AR Apps for Retail Customers
Still, with a rapidly expanding user base and the prospect of a surge in mobile-based product purchases, companies are starting to foot the bill to develop AR applications for sectors such as retail and travel. For instance, retail customers and store clerks alike may soon be able to point a mobile device at a certain item or price tag and immediately get sent information ranging from user reviews to inventory levels.
Companies will be more willing to invest in these features because of such a rapidly growing mobile-computing user base. Apple, which introduced the iPhone in 2007 and unveiled its fourth generation last June, regularly ships more than 15 million units per quarter.

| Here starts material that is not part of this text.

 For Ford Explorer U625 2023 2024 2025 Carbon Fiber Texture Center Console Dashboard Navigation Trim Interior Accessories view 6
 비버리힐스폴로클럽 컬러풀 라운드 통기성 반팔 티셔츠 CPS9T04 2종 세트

And Android smartphones will be used by more than 250 million people worldwide in 2014, up from less than 7 million people last year, research firm Gartner said in a September report.
Overall, almost 66 million Americans owned smartphones in January 2011, up 8% from three months earlier, ComScore said in a report earlier this month.
Meanwhile, IHS iSuppli said last month that global consumers will buy 242 million iPads and personal-computer type tablets in 2015, up from about 20 million last year.
Such growth has already turned mobile applications stores into cash cows. Worldwide mobile-phone users bought $2.2 billion worth of mobile applications from companies such as Apple, Research in Motion (RIMM) and Google (GOOG) last year, more than double the $828 million in applications sold in 2009, iSuppli said in a report last month. Apple, which launched its apps store in mid-2008, had 83% of the market, though that number slipped from 93% a year earlier as applications for Research in Motion's BlackBerry and Google's Android platform gained ground.
Expect that rising tide to eventually reach AR, especially if there's commerce involved, according to Thodla.
"Retailers are constantly looking for a way to take advantage of the smartphones that people are bringing into their stores," said Thodla. "Consumers might be willing to pull out their phones in the stores if they know they are going to get a deal."